16

I'd like to develop a route that polls a directory containing CSV files, and for every file it unmarshals each row using Bindy and queues it in activemq.

The problem is files can be pretty large (a million rows) so I'd prefer to queue one row at a time, but what I'm getting is all the rows in a java.util.ArrayList at the end of Bindy which causes memory problems.

So far I have a little test and unmarshaling is working so Bindy configuration using annotations is ok.

Here is the route:

from("file://data/inbox?noop=true&maxMessagesPerPoll=1&delay=5000")
  .unmarshal()
  .bindy(BindyType.Csv, "com.ess.myapp.core")           
  .to("jms:rawTraffic");

Environment is: Eclipse Indigo, Maven 3.0.3, Camel 2.8.0

Thank you

Taka
  • 659
  • 2
  • 10
  • 17

3 Answers3

34

If you use the Splitter EIP then you can use streaming mode which means Camel will process the file on a row by row basis.

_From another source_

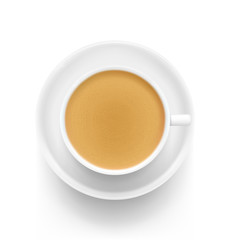 Realistic coffee cup with saucer. Vector illustration isolated on white background. Can be use for your design, presentation, promo, adv. EPS10.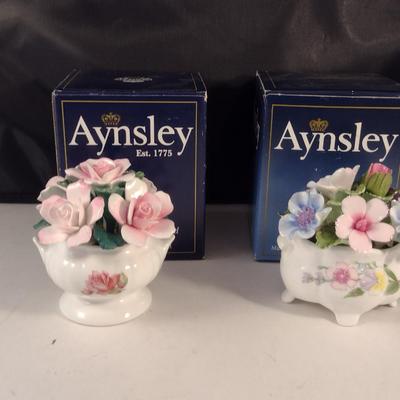 Pair of Aynsley Porcelain Floral Bouquets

from("file://data/inbox?noop=true&maxMessagesPerPoll=1&delay=5000")
  .split(body().tokenize("\n")).streaming()
    .unmarshal().bindy(BindyType.Csv, "com.ess.myapp.core")           
    .to("jms:rawTraffic");
Claus Ibsen
  • 56,060
  • 7
  • 50
  • 65
  • Thanks Claus for your answer. Now I'm facing a different problem. Following on my little exercise I'm trying to extract from the queue and write to a file with `.convertBodyTo(String.class).to("file:data/outbox?fileExist=Append")` but only the first row gets written. All the same, if I use the file option Override I get only the last row. Is there a way to have all the rows from the CSV file written to the file?. Thank you – Taka Nov 15 '11 at 15:46
  • You need to specify a file name, .to("file:data/outbox?fileName=data.csv&fileExist=Append") – Claus Ibsen Nov 16 '11 at 10:34
  • Add `.thread()` after `.streaming()` could it be more efficient ? – Pith Oct 24 '12 at 07:28
  • The splitter EIP has built-in support for multi-threading, you can refer to an executorService. This would be more ideal to use that, than threads. But the latter is also possible. See the Camel docs for examples. – Claus Ibsen Oct 29 '12 at 07:10
  • I see tokenize by new line. What about multiline rows? Are the supported? – Daniil Iaitskov Dec 02 '13 at 21:34
  • Yeah read the documentation - there is a section about grouping N lines together - http://camel.apache.org/splitter – Claus Ibsen Dec 02 '13 at 21:35
  • You can also use BeanIO in case if you want to group records and process using the camel splitter http://camel.apache.org/beanio.html – Sagar Nov 11 '16 at 08:11
3

For the record and for other users which might have searched for this as much as me, meanwhile there seems to be an easier method which also works well with useMaps:

CsvDataFormat csv = new CsvDataFormat()
    .setLazyLoad(true)
    .setUseMaps(true);

from("file://data/inbox?noop=true&maxMessagesPerPoll=1&delay=5000")
    .unmarshal(csv)
    .split(body()).streaming()
    .to("log:mappedRow?multiline=true");
C12Z
  • 148
  • 1
  • 7
1

Using both Splitter and Aggregator EIPs would be the best strategy for processing large CSV files in Apache Camel. Read more about it form Composed Message Processor

Here is an example using Java DSL:

package com.camel;

import org.apache.camel.CamelContext;
import org.apache.camel.builder.RouteBuilder;
import org.apache.camel.dataformat.csv.CsvDataFormat;
import org.apache.camel.impl.DefaultCamelContext;
import org.apache.commons.csv.CSVFormat;
import org.apache.commons.csv.QuoteMode;

public class FileSplitter {

    public static void main(String args[]) throws Exception {
        CamelContext context = new DefaultCamelContext();
        CsvDataFormat csvParser = new CsvDataFormat(CSVFormat.DEFAULT);
        csvParser.setSkipHeaderRecord(true);
        csvParser.setQuoteMode(QuoteMode.ALL);
        context.addRoutes(new RouteBuilder() {
            public void configure() {
                String fileName = "Hello.csv";
                int lineCount = 20;
                System.out.println("fileName = " + fileName);
                System.out.println("lineCount = " + lineCount);
                from("file:data/inbox?noop=true&fileName=" + fileName).unmarshal(csvParser).split(body()).streaming()
                        .aggregate(constant(true), new ArrayListAggregationStrategy()).completionSize(lineCount)
                        .completionTimeout(1500).marshal(csvParser)
                        .to("file:data/outbox?fileName=${file:name.noext}_${header.CamelSplitIndex}.csv");
            }
        });
        context.start();
        Thread.sleep(10000);
        context.stop();
        System.out.println("End");
    }
}
Amitabha Roy
  • 769
  • 5
  • 8